Nos idos de sessenta, após quarenta horas de estudo, na lista de trezentas e oitenta palavras decodificadas pela primeira turma pelos moradores surgiam termos como: “Deus, promessa, esmola, chuva, preto, triste, medo, coragem… esperança”. Decorrido meio século, eram as mesmas as palavras comuns do léxico quotidiano social, cultural e religioso de Angicos.

Mas, nos idos de vinte, já havia educadores conscientes de que o ato de educar era ato coragem política e… de amor. Havia professores que se apercebiam da sua incompletude e sabiam que o ser humano estava em permanente estado de projeto. 

Marginais ao instrucionismo vigente, com amor e coragem, esses educadores alimentavam projetos em ti inspirados. Autonomamente, se faziam anunciar. E denunciavam uma política negacionista, que conspirava contra a mudança e a inovação. Invocavam-te naquilo que tinham lido no livro “Pedagogia da Autonomia” e no saboroso “Professora sim, tia não”:

“Como esperar que uma administração de manifesta opção autoritária considere a participação real dos e das que fazem a escola, na medida em que esta se vá tornando uma casa da comunidade?”

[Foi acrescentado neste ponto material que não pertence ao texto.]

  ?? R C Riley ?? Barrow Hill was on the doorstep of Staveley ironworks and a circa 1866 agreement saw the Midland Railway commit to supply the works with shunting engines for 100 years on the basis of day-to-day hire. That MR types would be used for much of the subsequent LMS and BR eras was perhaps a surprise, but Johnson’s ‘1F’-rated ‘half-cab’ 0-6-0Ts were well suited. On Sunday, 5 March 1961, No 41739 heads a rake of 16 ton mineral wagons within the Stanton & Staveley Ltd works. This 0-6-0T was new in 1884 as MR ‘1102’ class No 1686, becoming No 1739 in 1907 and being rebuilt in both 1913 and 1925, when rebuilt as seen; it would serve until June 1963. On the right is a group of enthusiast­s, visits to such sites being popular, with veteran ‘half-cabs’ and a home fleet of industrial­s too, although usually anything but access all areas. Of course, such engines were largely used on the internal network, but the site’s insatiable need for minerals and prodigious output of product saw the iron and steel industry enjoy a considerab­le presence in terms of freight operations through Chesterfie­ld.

Sempre que alguém me pedia ajuda, eu recomendava que se procurasse nas escolas professores que ainda não tivessem morrido. Ainda havia professores que se consideravam completos e não aceitavam a solidariedade dos pares. Estavam mortos, prontos para baixar o corpo à terra e elevar a alma ao lugar etéreo onde te encontras. Eram causa da tua segunda morte – a da memória. Porque um professor não morre, quando o coração para, mas quando deixa de amar.